The ‘white’ city on the hill

The year is 1912 in the floating city of Columbia, which has successfully seceded from the United States. Its founder is a supposed prophet named Comstock. Players assume the role of Booker Dewitt, a contractor who ends up in this airborne wonder on mission to save a young woman, Elizabeth.

The sun is shining on Columbia, as it floats above the rain clouds pouring on the surface below. A barbershop quartet on a small airship tours the city singing a cover of “God Only Knows” from The Beach Boys (this musical time warp is supposedly explained later in the game).
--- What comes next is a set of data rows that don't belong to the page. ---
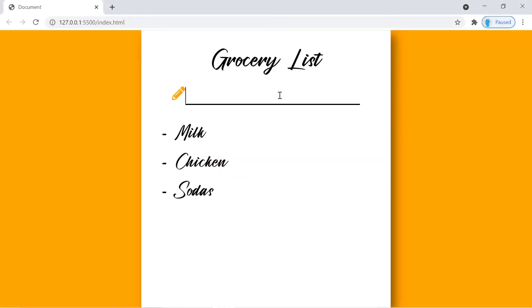Hey, what's up guys! Welcome to project number nine of 25 beginner JavaScript projects. In this application we're going to show you how to create a cool grocery list.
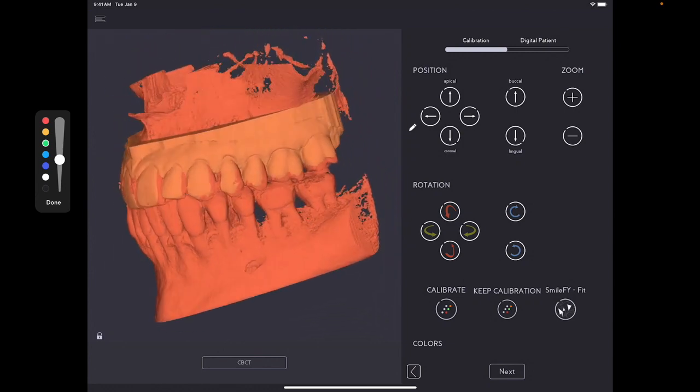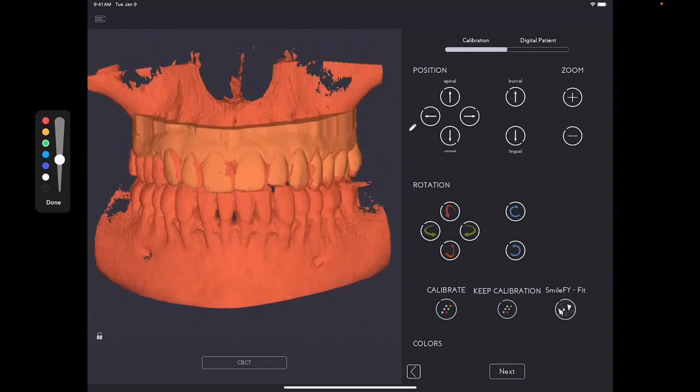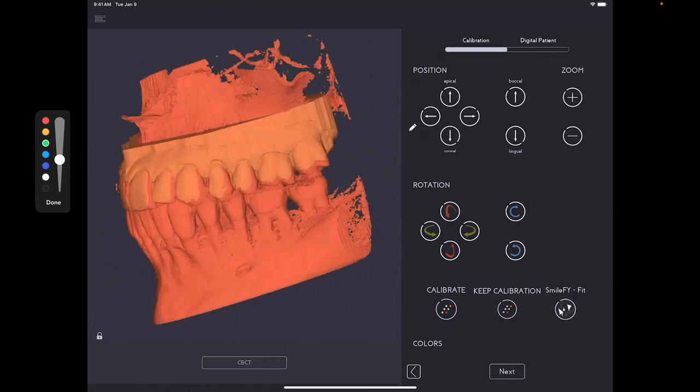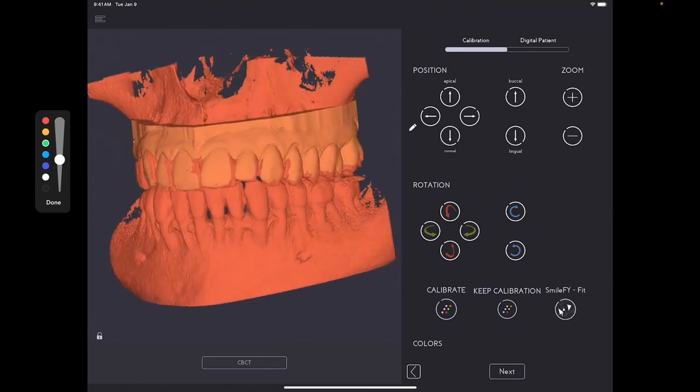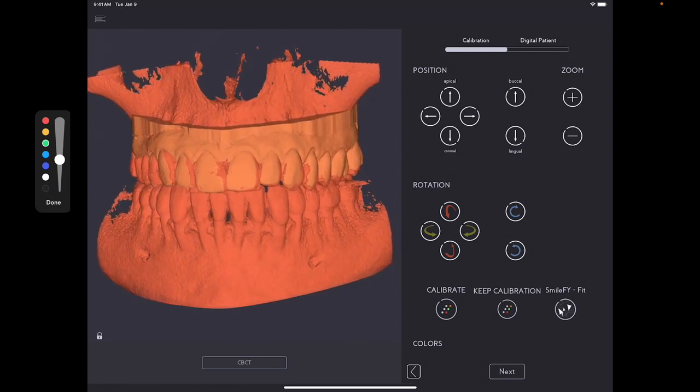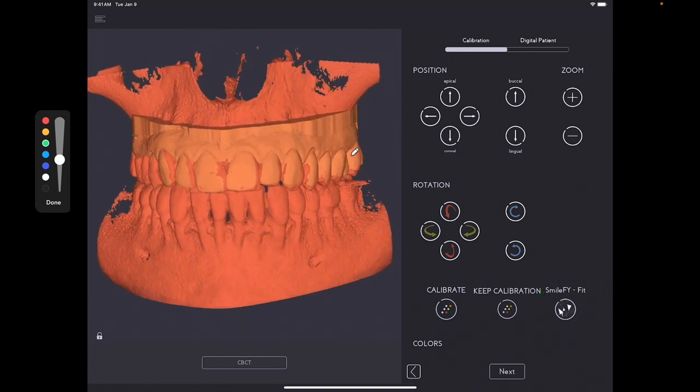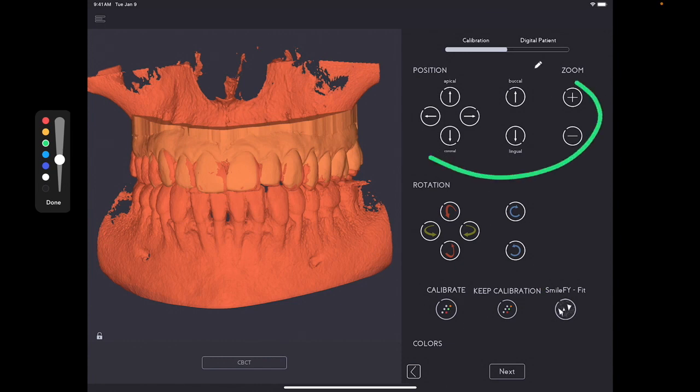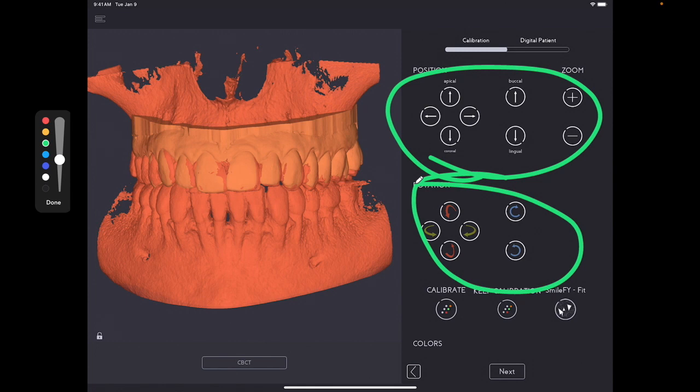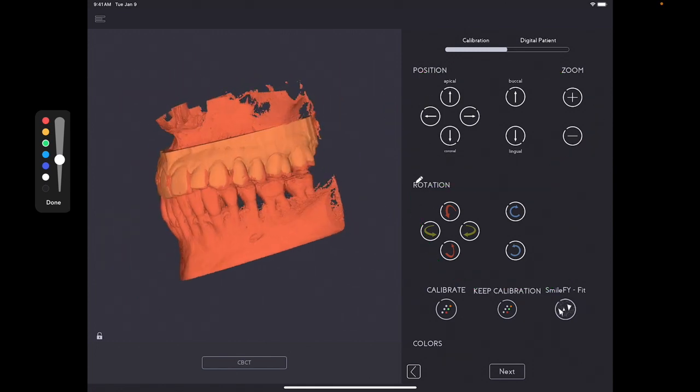So for the prep scan and the original STL, you can use this Smilefy Fit, which is this one. And then for the CT scan and the intraoral scan, you hit calibrate and use the commands over here to finalize your calibration.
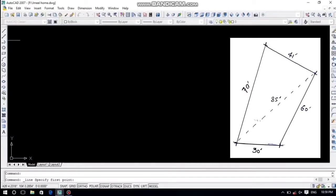The other side is 70 feet, the length of the mid line is 85 feet, the upper line is 41 feet, and the other side is 63 feet.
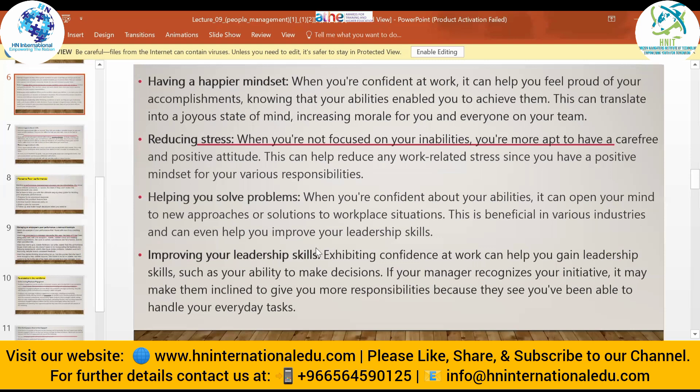Confidence also helps you solve problems. When you are confident about your abilities, it can open your mind to new approaches or solutions to workplace situations. This is beneficial in various industries and can help improve leadership skills. Being confident gives you the ability to ask for help — if you cannot solve a specific problem, you have the confidence to ask a senior colleague to guide you.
The group weaves between buildings as the structures connect and disconnect from one another; stores advertise their arrival on the hour.

The city is majestic and beautiful, with all kinds of nooks and crannies to explore. The families, couples, and everyone else all seem quite happy. Columbia appears to be quite the utopia in the sky … well, for white people, that is. The fact that everyone in the city is Caucasian is not a coincidence.

I make my way to a carnival that cleverly introduces the mechanics for shooting and special abilities (called vigors) as games of chance. One challenge involves shooting cardboard cutouts of the “dirty, violent” Vox Populi resistance group as they slide across a model of the city. Some of those cutouts don’t look white, but it’s hard to tell.

At one point Dewitt enters a raffle and has the winning ticket (which is actually a baseball). The unsavory man running the contest asks the crowd if his assistant “is not the prettiest young white woman you’ve ever seen?” She then lifts the curtain on stage.

It turns out the “prize” is a chance to throw the first pitch at a tied up black woman and white man. They were presumably caught being an intimate couple, and the man pleads for people to spare the woman, claiming responsibility for the ordeal. Oh, and also on the stage are cutouts of black people — caricatures made to look like monkeys stealing a diamond ring.

Wait, what?!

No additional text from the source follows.